Este acto de adhesión a Dios es claro que lleva consigo inseparablemente el
asentimiento libre a toda verdad que Dios nos haya revelado; a creer en aquel
que nos ha enviado, Jesucristo su Hijo;
y a creer por fin en el Espíritu Santo, que revela a cada uno de los hombres
quién es Jesús (152).
La fe así entendida nos levanta y nos enriquece a una vida nueva, de calidad
muy superior, a la vida sobrenatural, que brota en nosotros al unirnos por el
bautismo a Cristo, la vid, haciéndonos sarmientos suyos y dando frutos que son
suyos y son nuestros.
Este asentimiento libre, como todo en esta realidad sobrenatural que nos
trae Cristo, es fruto de la gracia de Dios, que es necesaria también para el
acto de fe. Para decir sí a una persona, es necesario que me encuentre con
ella. Pero el hombre no puede subir a Dios por sí solo y menos desde la fosa
del pecado; Dios ha bajado y baja a encontrarse con el hombre y lo hace en su
Hijo Jesucristo. El encuentro de la criatura con el Creador no puede darse si
Dios no baja; pero Dios toma siempre la iniciativa. Lo que el hombre debe hacer
es lo que puede: responder a la llamada positivamente.
La respuesta positiva del hombre, siendo libre, no es automática. Por
desgracia se da en el hombre la concupiscencia, la tendencia al mal, el
desorden y la soberbia interior, que Satanás azuza, la tentación de “ser como
dioses”, tan atrayente. Sucede a muchos, sucedió a los nazaretanos. Conocían a
Jesús desde siempre, desde que aprendió a andar y hablar. Era uno de tantos, ni
siquiera había estado en Jerusalén ni había estudiado la Torá con rabí alguno,
nadie en tantos años le había visto hacer nada que demostrara poderes
extraordinarios; y de los milagros ¿qué podría ser?, algunos rabís decían que
era con el poder del Demonio, pues no respetaba el sábado.

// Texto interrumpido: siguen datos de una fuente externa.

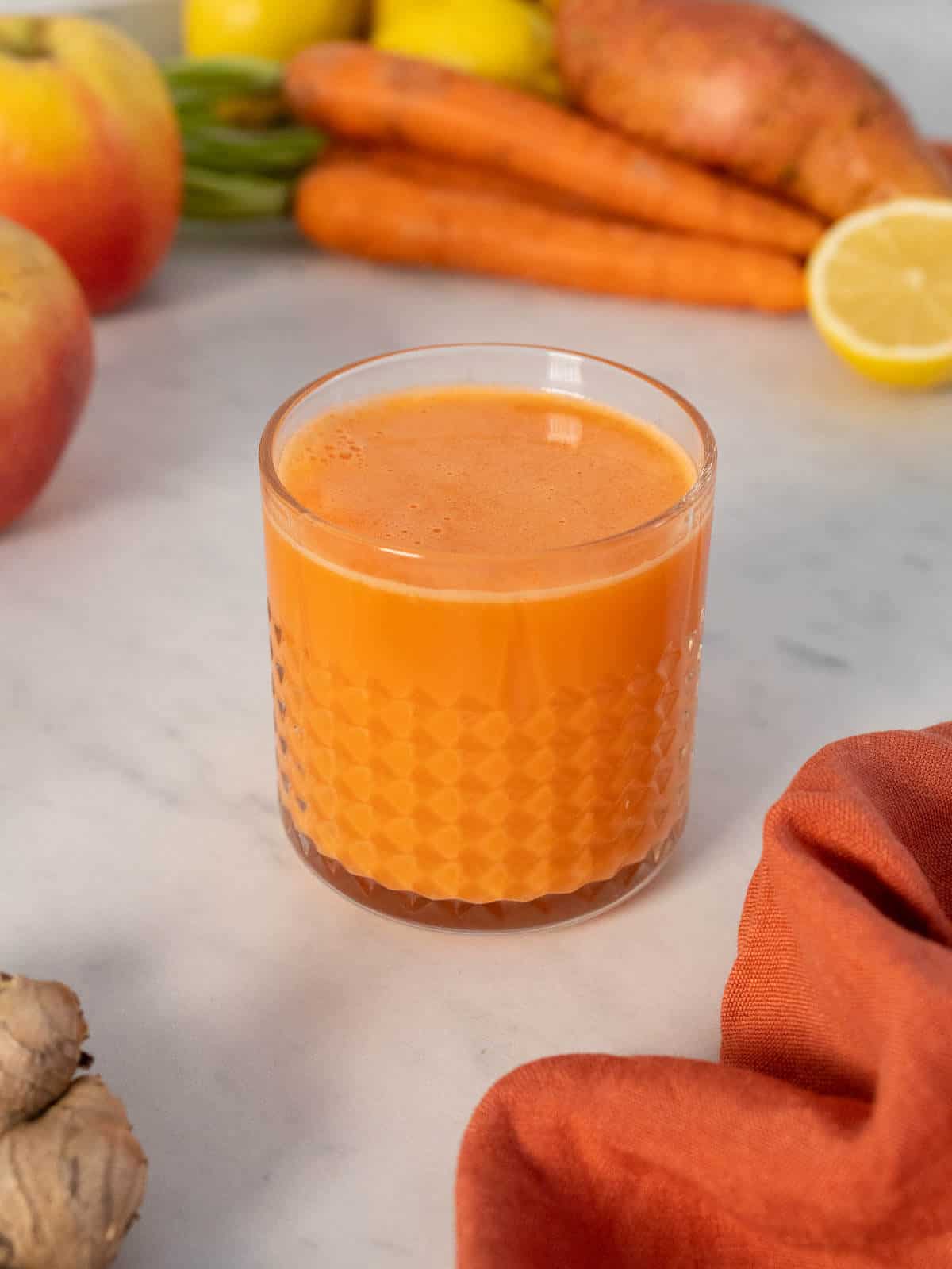 glass of sweet potato juice.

La Iglesia nos ha convocado a los creyentes al “año de la fe”. Será un año
de gracia para nosotros y para otros. Redoblemos nuestras oraciones y
penitencias pidiendo para nosotros la gracia de una fe vigorosa y atrayente que
nos haga luces brillantes. Pidamos por los que no tienen fe o la tienen débil;
que busquen la luz, abran los ojos y venzan la soberbia. Pero además profundicemos
la fe con su práctica y su estudio, de forma que seamos más capaces de dar
razón de nuestra esperanza (1Pe 3,15). Les aseguro un gran placer espiritual al
gustar de su riqueza doctrinal y espiritual. Que el año de la fe sea para todos
ustedes el año de la alegría, de la gratitud y del amor.
“El justo vive de la fe” (Ro 1,17). María, madre de Dios “por haber creído”

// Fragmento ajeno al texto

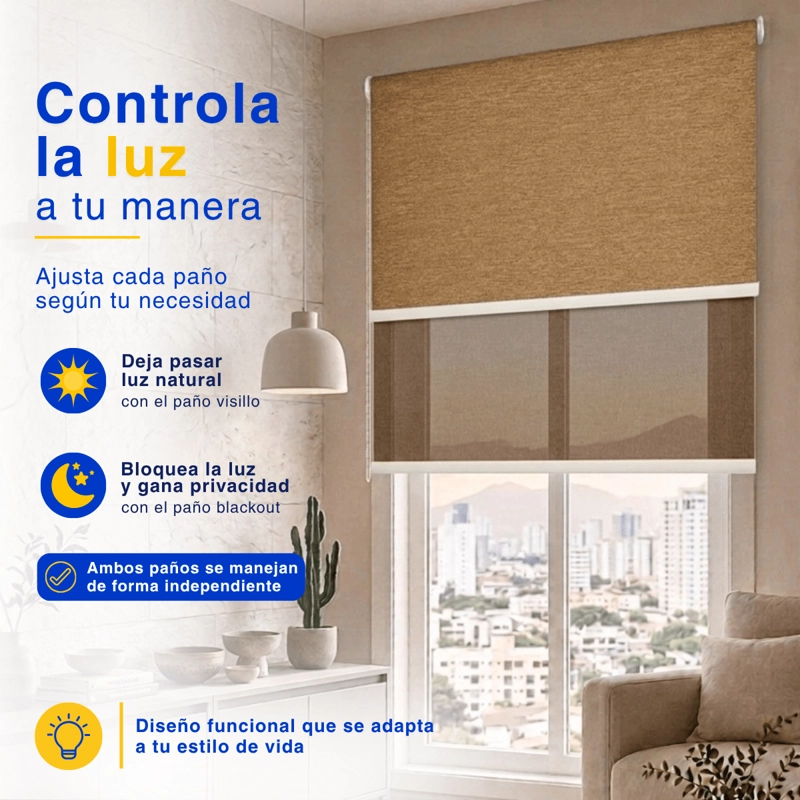 CORTINA ROLLER BLACKOUT 2 PAÑO 200X240 DOBLE CON VISILLO SIN CENEFA GUIZA - 8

(Lc 1,38.45)), alimente en nuestros corazones una fe cada día más luminosa y
contagiosa.
Nota
exegética
Sobre el término de “hermanos” de Jesús se apoyan no
pocos hermanos separados para negar la concepción virginal de Jesús y el culto
a la Virgen María.
1.- Hermano tiene un significado muy amplio en la Biblia,
no solo son los hijos de un mismo padre y madre, sino los primos y otros
parientes, los de la misma tribu y aun connacionales (Gen 13,8; Lev 10,4; 2Sam
19,13; Dt 25,3).
2.- A María, la madre de Jesús, no se asigna en los
evangelios a ningún otro hijo que a Jesús. No se explica cómo Jesús en la cruz
encomendó su madre al discípulo amado si hubiera tenido otros hijos.

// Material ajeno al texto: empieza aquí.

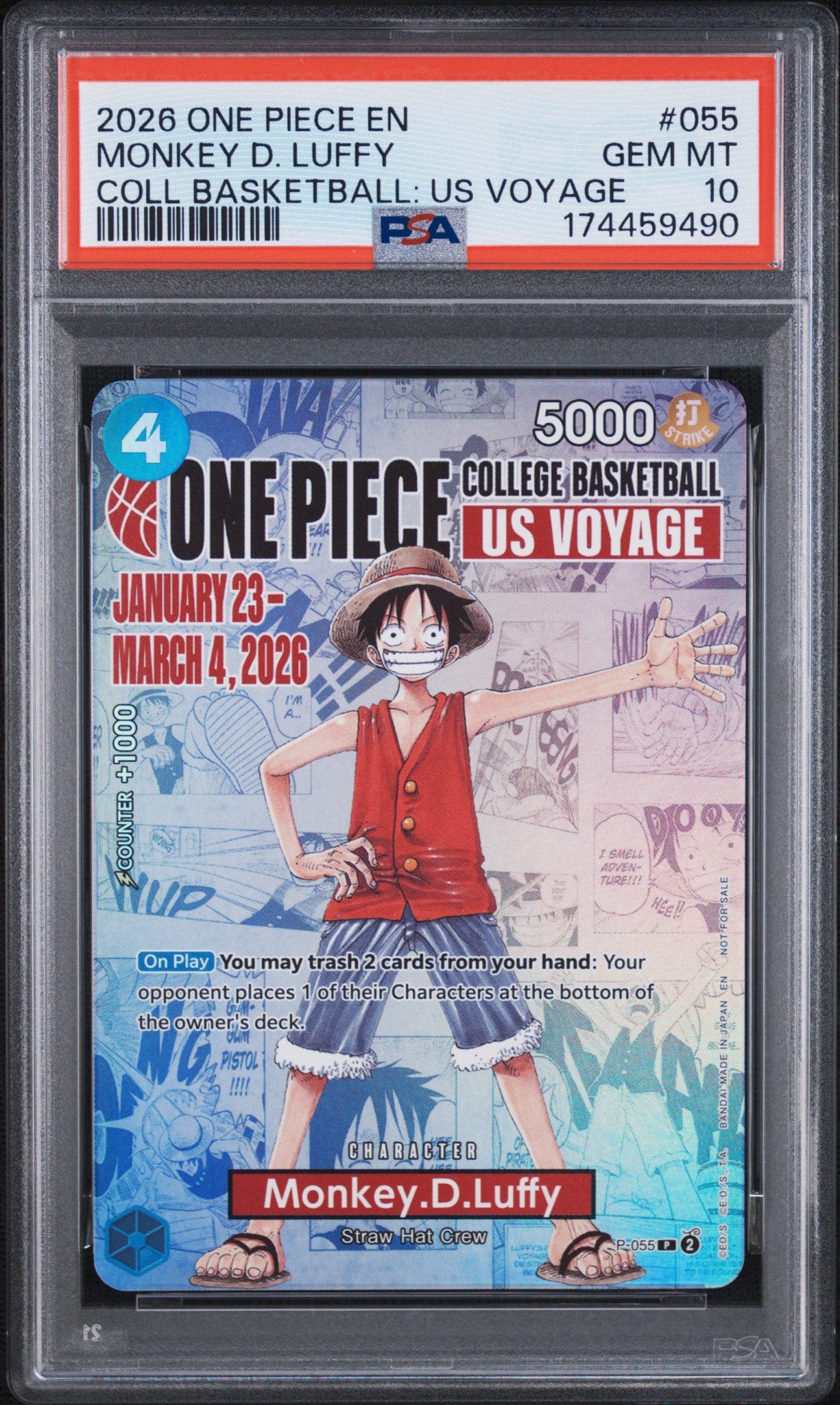 PSA10】モンキー・D・ルフィ：P (開封済) [P-055]【英語版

3.- Por lo demás los hermanos separados caen en gran
error al negar a María la concepción virginal de Jesús y su maternidad divina,
afirmada claramente por Mateo y Lucas. Proceden sin lógica al negarlo porque
tuviera otros hijos, Prescindiendo de si María tuvo o no otros hijos, que María
tuviera otros hijos no quita que fuese la madre de Jesús, ni, por tanto, que
fuese madre de Dios, ni que la concepción de Jesús fuese virginal. A Jesús lo
concibió milagrosa y virginalmente, sin obra de varón, como es claro para quien
lee sin prejuicio a Mateo y Lucas: Jesús es Dios, tiene como Padre sólo a Dios
y como Madre a la Virgen María. María es madre de Dios, porque su hijo
primogénito es Dios, el Hijo de Dios, que en María y de María se hizo hombre, y
sólo ya por ese hecho merece de nuestra parte respeto, agradecimiento y todo el
culto con que los católicos la honramos.